* **Data for this exercise**:
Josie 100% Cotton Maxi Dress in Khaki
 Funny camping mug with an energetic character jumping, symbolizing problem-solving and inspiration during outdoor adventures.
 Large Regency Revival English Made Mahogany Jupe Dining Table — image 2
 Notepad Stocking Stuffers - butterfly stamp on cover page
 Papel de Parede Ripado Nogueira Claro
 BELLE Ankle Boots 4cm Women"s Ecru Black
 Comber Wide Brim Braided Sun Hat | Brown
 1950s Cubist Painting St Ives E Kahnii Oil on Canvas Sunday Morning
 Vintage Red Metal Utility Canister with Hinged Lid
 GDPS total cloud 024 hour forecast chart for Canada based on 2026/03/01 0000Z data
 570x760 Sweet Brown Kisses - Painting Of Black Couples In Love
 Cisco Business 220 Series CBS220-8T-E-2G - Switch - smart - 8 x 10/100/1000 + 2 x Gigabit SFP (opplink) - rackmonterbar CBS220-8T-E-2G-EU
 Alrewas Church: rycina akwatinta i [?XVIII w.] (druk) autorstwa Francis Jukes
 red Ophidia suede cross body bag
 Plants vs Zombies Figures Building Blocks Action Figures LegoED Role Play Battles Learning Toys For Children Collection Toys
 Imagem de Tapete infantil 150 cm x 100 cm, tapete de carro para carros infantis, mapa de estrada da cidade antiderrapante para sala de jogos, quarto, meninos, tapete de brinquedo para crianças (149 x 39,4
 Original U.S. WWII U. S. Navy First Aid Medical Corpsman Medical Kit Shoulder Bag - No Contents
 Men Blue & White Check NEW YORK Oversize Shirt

* **Task instructions**:
Set down all the data exactly as given.

* **Answer to this task**:
Josie 100% Cotton Maxi Dress in Khaki
 Funny camping mug with an energetic character jumping, symbolizing problem-solving and inspiration during outdoor adventures.
 Large Regency Revival English Made Mahogany Jupe Dining Table — image 2
 Notepad Stocking Stuffers - butterfly stamp on cover page
 Papel de Parede Ripado Nogueira Claro
 BELLE Ankle Boots 4cm Women"s Ecru Black
 Comber Wide Brim Braided Sun Hat | Brown
 1950s Cubist Painting St Ives E Kahnii Oil on Canvas Sunday Morning
 Vintage Red Metal Utility Canister with Hinged Lid
 GDPS total cloud 024 hour forecast chart for Canada based on 2026/03/01 0000Z data
 570x760 Sweet Brown Kisses - Painting Of Black Couples In Love
 Cisco Business 220 Series CBS220-8T-E-2G - Switch - smart - 8 x 10/100/1000 + 2 x Gigabit SFP (opplink) - rackmonterbar CBS220-8T-E-2G-EU
 Alrewas Church: rycina akwatinta i [?XVIII w.] (druk) autorstwa Francis Jukes
 red Ophidia suede cross body bag
 Plants vs Zombies Figures Building Blocks Action Figures LegoED Role Play Battles Learning Toys For Children Collection Toys
 Imagem de Tapete infantil 150 cm x 100 cm, tapete de carro para carros infantis, mapa de estrada da cidade antiderrapante para sala de jogos, quarto, meninos, tapete de brinquedo para crianças (149 x 39,4
 Original U.S. WWII U. S. Navy First Aid Medical Corpsman Medical Kit Shoulder Bag - No Contents
 Men Blue & White Check NEW YORK Oversize Shirt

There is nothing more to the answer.